Thank you. Really, really interesting and I'm sure inspirational for our audience to wrap up. Let me first give word to Aapo to finish off on his part. And then handing over to Nicolas, you for your final words.
This has been a really interesting discussion. And I do understand now that there actually might be really good use cases for this kind of approach also. Totally still not convinced of all of the possibilities for it, especially because large-scale deployments, like whole application updating, probably would not be possible for this. But in the hotfixes, I could actually try this out once it is a product of some form.
Thank you. And over to you, Nicolas.
Well, thanks a lot for the invitation. That was an interesting talk. I completely agree. As I mentioned, it's really meant to be an experiment, but I believe if you start experimenting in different domains, perhaps it will spark some new ideas. And perhaps in some way it will give perspective to a product. And in that case, hotfixes, definitely. Large-scale deployment, probably not. In that case, as I mentioned, you would do another kind of zero downtime deployment. But still, it's fun. And besides, it gets you a lot more understanding about what you can do with the JVM and what you can not do. And you can do a lot by default.
Thank you for listening. Nicolas gave us tons of excellent references to learn more about the subject. You can find all of those in the show notes. Also, if you want to continue the conversation with Nicolas and Aapo, be sure to check out their social media profiles from the show notes. If you haven't already, please subscribe to our podcast and give us a rating on your platform. It means the world to us. Also, check out other episodes for interesting and exciting talks. Finally, before we sign off, I would like to give the floor back to Nicolas and Aapo to introduce themselves properly. I say now take care of yourself, and remember to secure your software delivery chain.
So I'm Nicolas Frankel. I've been in IT for 20 years this year. For a very long time, I was a consultant, so I was going to customers and helping them. And, well, I found out that most of the problems I had to solve were not technical problems. They were organizational or people problems, and let's say I felt a bit frustrated. So two years ago, I decided that I wanted to focus more on the technical side, and I became a developer advocate.
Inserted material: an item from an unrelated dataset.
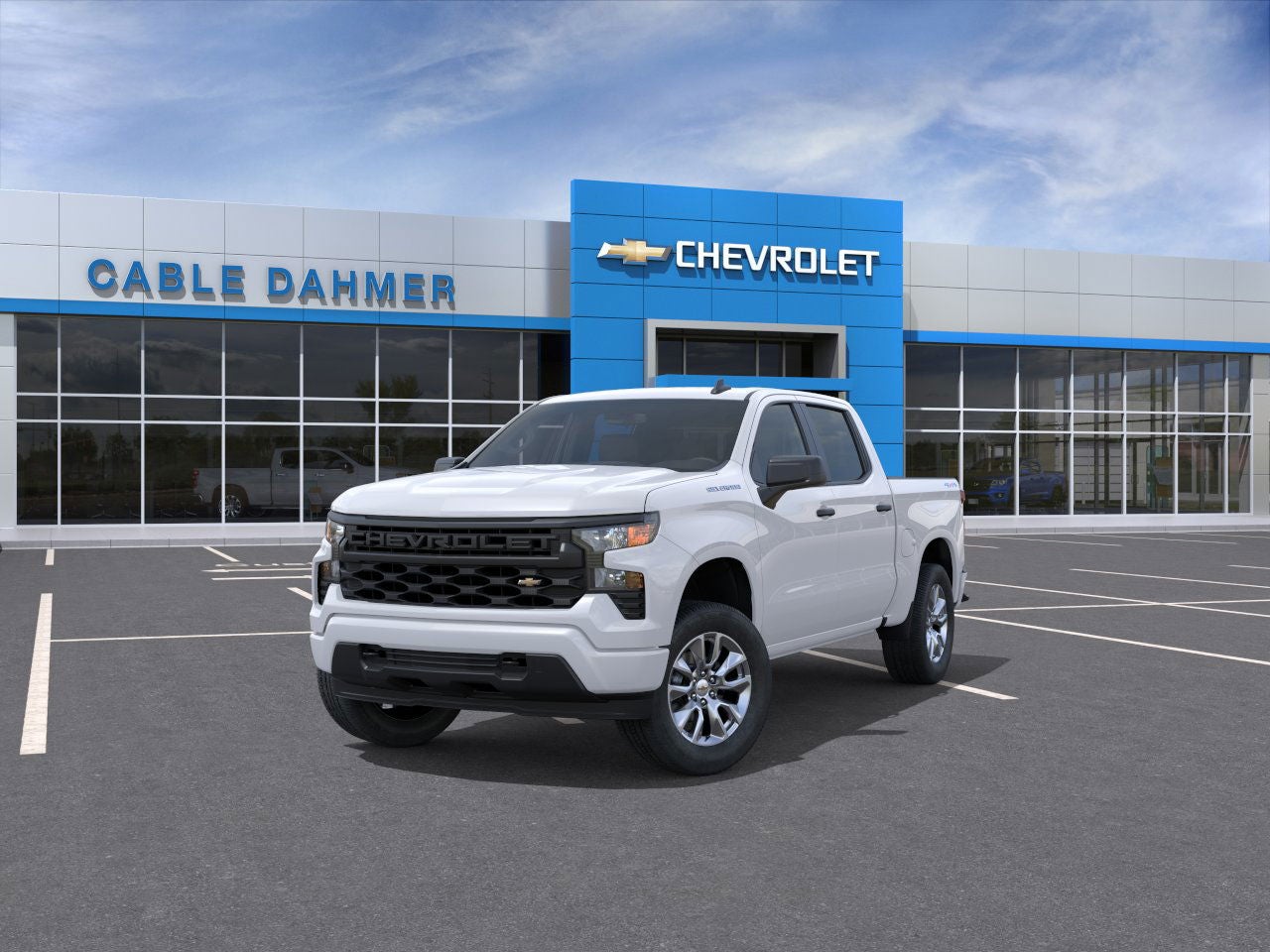 2026 Chevrolet Silverado 1500 Custom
I've been with Eficode this summer for 15 years. When I started my career, I was in product development. After that, I did a lot of consulting. And with Eficode, mostly consulting, and I'm currently a software architect and back to product development. So I am part of ROOT R&D, and we are providing our customers with Eficode solutions for user management and data visualization, which is part of ROOT, a platform for software development, including all their third-party tools.